Chi guarda le partite con il “pezzotto” rischia il carcere?

Il decreto Omnibus introduce nuove misure contro l’uso delle IPTV illegali, in particolare per quanto riguarda la visione di partite di calcio tramite questi sistemi illeciti

Chi guarda le partite con il pezzotto rischia il carcere

Il decreto Omnibus introduce nuove misure contro l’uso delle IPTV illegali, in particolare per quanto riguarda la visione di partite di calcio tramite questi sistemi illeciti. Tra le novità più rilevanti, vi è il rischio di sanzioni severe per chi gestisce o utilizza tali servizi, con pene che includono anche il carcere per i fornitori di contenuti pirata.

Quando rischia il carcere chi guarda le partite con le IPTV

Molti utenti si sono allarmati all’idea di rischiare il carcere per aver utilizzato il cosiddetto “pezzotto”, termine che indica l’accesso illegale a servizi televisivi tramite IPTV, ormai entrato nel vocabolario Treccani. Tuttavia, il decreto Omnibus non prevede pene detentive per chi semplicemente guarda contenuti illegali. Il reato, infatti, riguarda solo i gestori dei servizi pirata, ai quali viene imposto di segnalare tempestivamente alle autorità la presenza di contenuti illegali o sospetti sui loro canali. Se non lo fanno, rischiano una pena fino a 1 anno di reclusione.

Un altro obbligo riguarda i fornitori di servizi situati fuori dall’Unione europea, che dovranno avere un rappresentante legale in Italia. Inoltre, i provider di Vpn e Dns dovranno bloccare l’accesso ai contenuti illegali entro 30 minuti dalla segnalazione delle autorità. I siti web che trasmettono contenuti pirata saranno bloccati per un minimo di 6 mesi e, al termine di questo periodo, potranno essere riabilitati solo se non riprenderanno le attività illecite.

Anche se gli utenti finali non rischiano il carcere, sono comunque previste sanzioni economiche per chi usufruisce di streaming illegale. Il decreto prevede multe automatiche che vanno da 150 a 5.000 euro. Inoltre, la diffusione di contenuti protetti da copyright senza licenza e per fini di lucro rimane un reato punibile con la reclusione da 6 mesi a 3 anni e una multa da 2.582 a 15.493 euro.

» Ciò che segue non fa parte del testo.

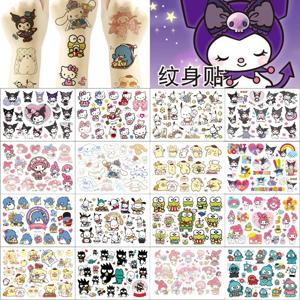 Sanrio 헬로 키티 고양이 문신 스티커 Kuromi Mymelody Tattoos Cinnamoroll 스티커 코스프레 장식 임시 방수 아트 문신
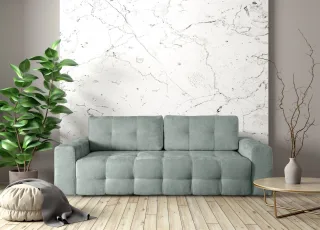Schlafsofa Designersofa Sofa 3-Sitzer ARIELLE in Stoff Perfect Harmony Salbei...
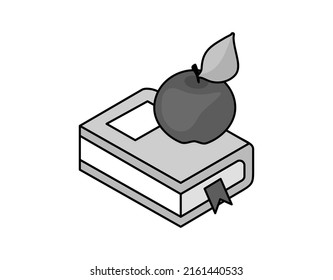 Learning isometric design icon. Vector web illustration. 3d colorful concept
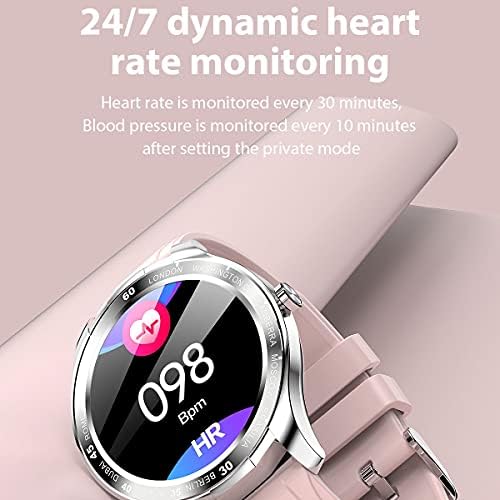 Akıllı saat Erkekler Tam Dokunmatik Ekran Spor Su Geçirmez Smartwatch Kadın Spor Saat Android ıOS Telefon için (Renk: Pembe)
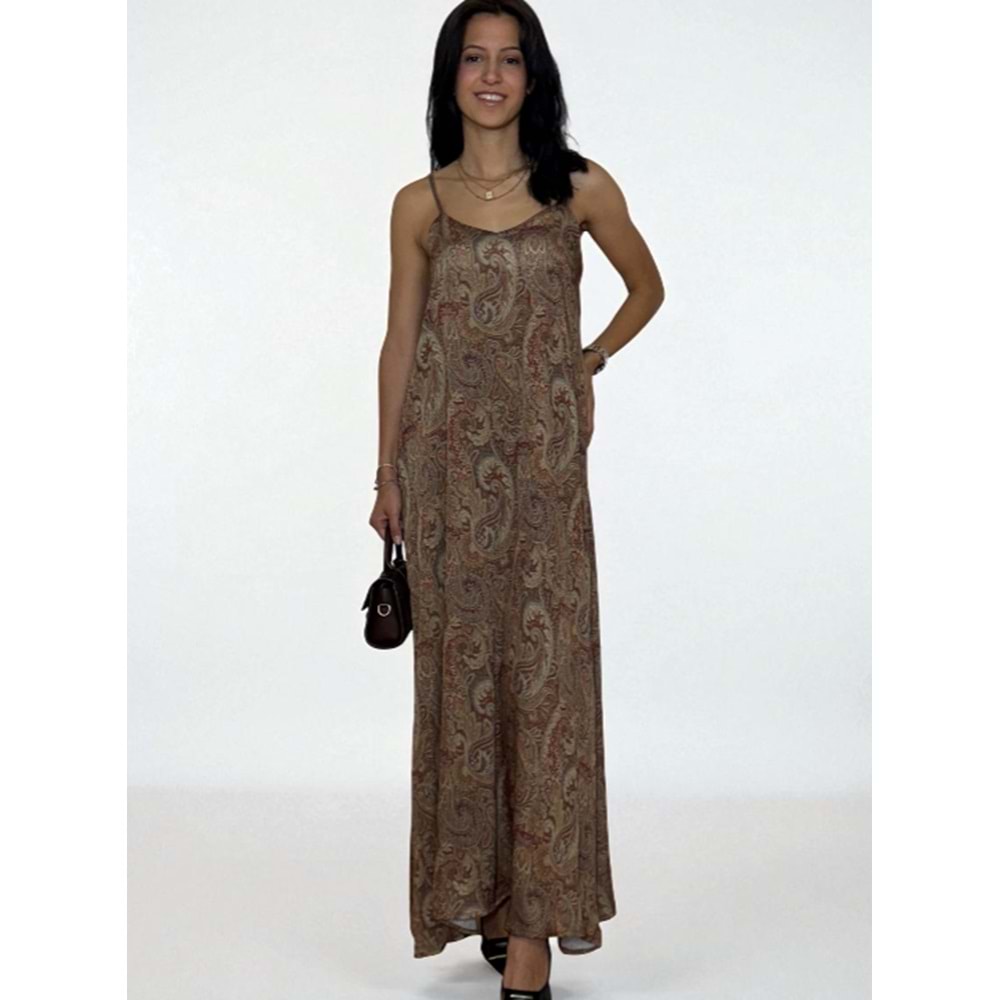 Desenli Askılı Uzun Elbise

Carcere per il pezzotto: è eccessivo?

Per garantire l’applicazione di queste sanzioni, è stato firmato un protocollo d’intesa tra Agcom, la Guardia di Finanza e la Procura di Roma, che consente di risalire all’identità degli utenti che utilizzano le IPTV illegali. Questo protocollo mira anche a rafforzare il controllo su internet provider, motori di ricerca, fornitori di reti di distribuzione di contenuti e servizi Vpn e Dns, per contrastare i reati di accesso abusivo a sistemi informatici e la frode informatica.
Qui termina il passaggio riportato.